我被带到了房子充满生机的时代。这座房子的墙壁承载着我们的欢笑、我们彼此的争吵、我们的爱。我听到关门的声音。我听到我妈妈在楼下喊叫。我闻到炉子上有东西在煮。

现在房子里很安静——安静到我可以听到一阵风吹来时雪从屋顶上掉下来的声音。

妈妈在楼上的床上。她一直患有如此强烈的偏头痛,以至于一束光线都会使她恢复原状。当她一连串这些头痛时,她就很难正常工作。最近她放弃了开车,所以她感到更加孤立。我回家帮她收拾行李,并在一个辅助生活社区完成安排,她很快就会搬到那里。

妈妈的看护人卡罗尔也在楼上。我可以听到妈妈在铺着地毯的卧室地板上的脚步声,这也是我和高中男友在沙发上亲热时听到的吱吱声,一只耳朵专心听着。那时她也是一个人。我父亲早已死于心脏病发作。

我上楼。在走廊上,我看到卡罗尔帮助刚起床的妈妈。她梳理妈妈的头发,用发夹把刘海往后夹。妈妈曾经在同一个镜子前对我的头发做同样的事情。那时的她是多么的年轻美丽,乌黑的卷发,白皙的皮肤,模特的身材;我希望我长大后也能同样引人注目。她不再年轻,但她同样美丽。

当我还是个孩子的时候,妈妈很活跃,善于社交。她每周打一次保龄球,打麻将。她精心烹制美食并举办晚宴;一切都到匹配的餐巾纸是完美的。

她也很温暖,也很有同情心。忍受父亲的去世,让她对别人的痛苦更加敏感。因此,难怪当我十几岁的朋友与父母闹矛盾时,他们选择向我倾诉的人就是我的母亲。

我不知道没有你我该怎么办,妈妈对卡罗尔说。

你会没事的,卡罗尔说。

妈妈拥抱卡罗尔。她从未看起来如此脆弱。我泪流满面,一种复杂的情绪笼罩着我:我没有名字,但这与时间的流逝和我对未来的恐惧有关——不得不生活在一个没有我母亲的世界里。

嗨,妈妈,我说。你看起来挺好的。

哦,你好,吉尔,妈妈说。她的声音柔和而疲惫。

收拾房子对她来说是压倒性的。我可以告诉。你会打电话给医生询问我的处方吗?她问我。当然,我回答。在过去的几个月里,我和我的姐妹们与我母亲的医生关系密切,并熟悉了她的药物。我们还平衡了她的支票簿并查看了她的生前遗嘱。

虽然我一直期待这一刻——当我妈妈将房子出售并搬到一个她会得到更好照顾的地方时——但我不希望它发生。现在我想冲进去满足她的需求,暂时忘记我有一个十几岁的儿子、一个丈夫、一份全职工作和一个需要我关注的家。

我的拥抱在哪里?我对她说,有点嫉妒。

妈妈过来拥抱我。
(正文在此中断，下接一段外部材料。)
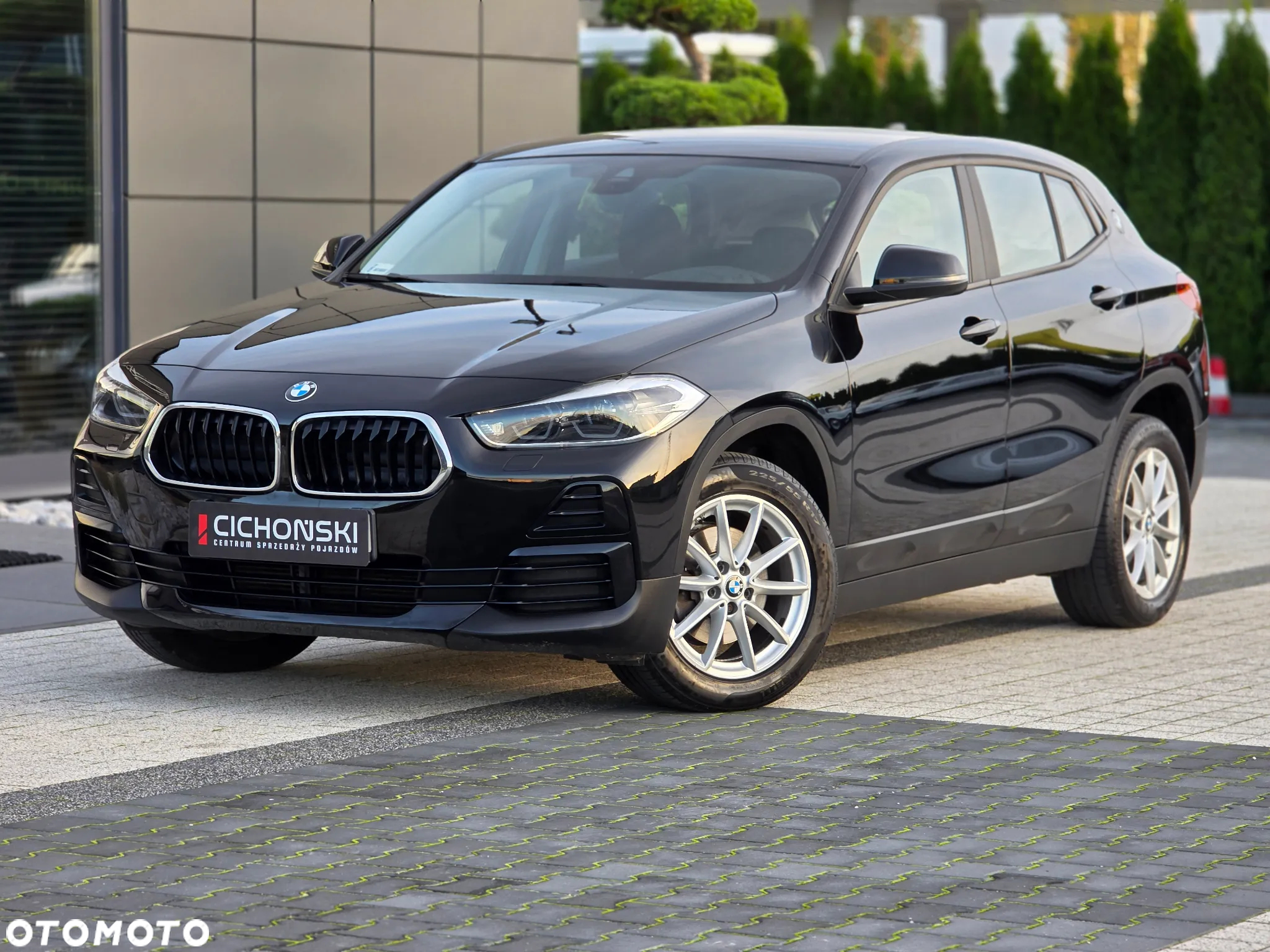 BMW X2 sDrive18d Business Edition sport - 4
偏头痛还没有过去。她回到床上躺下,让卡罗尔和我关上门。她说,走廊里的光线让人无法忍受。

吉尔,我妈妈回到床上时喊道。你会打电话给医生关于我的处方吗?是的,我说。

卡罗尔和我讨论了我母亲的病情几分钟。妈妈一直有点担心搬家;我怀疑这可能会引起她的一些头痛。卡罗尔坐在摇椅上,背面贴着粉红色的便利贴。粉红色的便利贴表示我母亲会随身带去辅助生活的家具。他们只装饰了几件物品:她的床和梳妆台、一张小沙发和一张带四把椅子的方桌。很快,大多数其他一切都将消失。

几个小时后,我回到妈妈的房间,坐在她的床脚。离开家你难过吗?我问。

她以比我预期的更乐观的语气回答。是我该走的时候了。我只希望我在新地方喜欢它。

妈妈起来。她感觉好多了。她拉着我的手。她说,一定要打包好嘉年华。亲爱的,谢谢你为我所做的一切。
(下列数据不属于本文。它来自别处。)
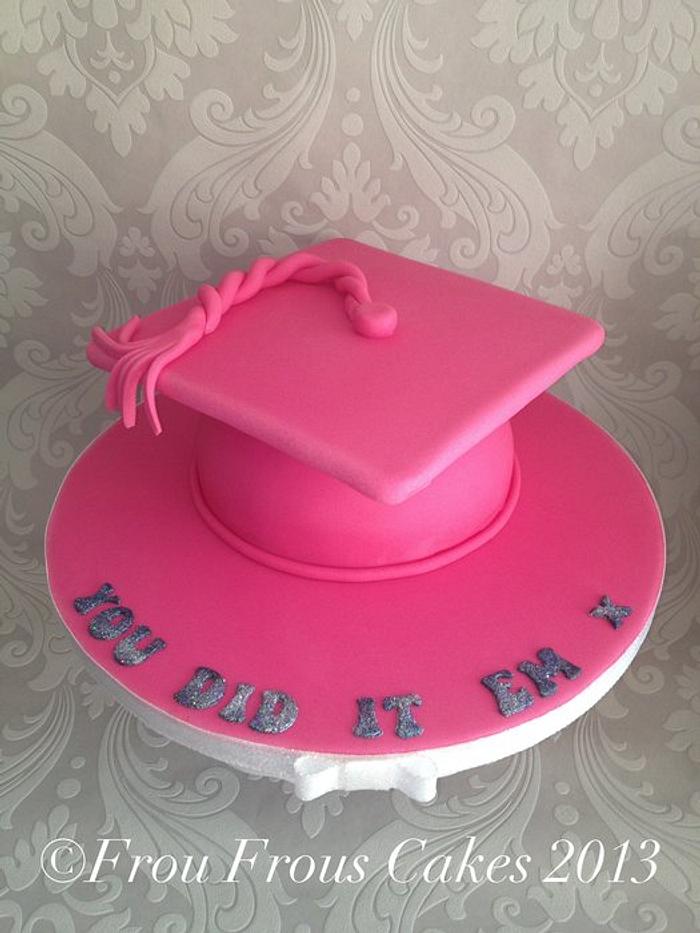 A very pink Mortarboard Hat Cake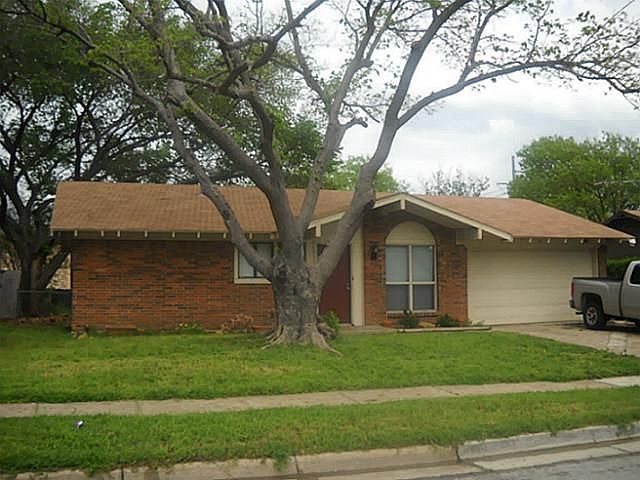 2nd image of 1207 Palisades Dr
这么多年,我担心妈妈一个人住在家里;现在,一想到她的生活范围越来越窄,我就感到苦恼。很难接受她的情况不是暂时的或情境性的——她无法独立管理自己的健康和财务,无法监督房屋维修或开车是永久性的。我还没有完全接受这样一个事实,即她可能无法来纽约拜访我,在那里我们喜欢一起去购物,或者在艺术画廊或博物馆中漫步。这些天她更难旅行。

喝茶时,我和妈妈拿出一包关于她的辅助生活社区的文献,看看它繁忙的活动日程。该设施提供瑜伽、时事讨论、读书俱乐部和每天两次的电影放映。我一直害怕我母亲的举动,担心她失去独立性。但我也认识到,通过在辅助生活社区满足她的个人需求,无需担心去杂货店购物、做饭或跟上院子里的工作,她将有机会探索新的兴趣;她的生活不会像我担心的那样变窄,而是会扩大。

我一直为我的母亲感到难过,但说实话,她并没有迷失在怀旧的迷雾中。 一世 是那个无法停止沉思过去的人。

收拾屋子,代表我童年的结束。从现在开始,回来访问将需要住在酒店,而不是在我母亲精心照顾的这个舒适的殖民地 - 那个唤起我与这个词相关的回忆的地方 .但她需要继续前进——我需要让她继续前进。

我暂时吻别了她,答应我一到机场就给她的医生打电话。

在我启动汽车之前,我最后看了一眼房子。我回想起夏天和我的姐妹们和邻居们在前草坪上玩红灯绿灯,冬天堆雪人。我记得我冲进前门,因为下雪而寒冷——在一个像今天这样的大风天——我妈妈在厨房里为我们制作了一杯浓郁而柔软的热巧克力。

房子会留下来,但无论我走到哪里,我都会带着童年的温暖回忆。无论我母亲去哪里,他们都会在那里。

我下车开始开车。这次我不回头。

吉尔·比亚洛斯基 (Jill Bialosky) 是三部诗集的作者——包括最近的, 入侵者 (, 亚马逊网站 )——还有两本小说, 雪下的房子 (, 亚马逊网站 ) 和 生活室 (, 亚马逊网站 )。她的回忆录, 自杀史:我姐姐未完成的生活 (, 亚马逊网站 ),将于本月平装发行。她与丈夫和儿子住在纽约市。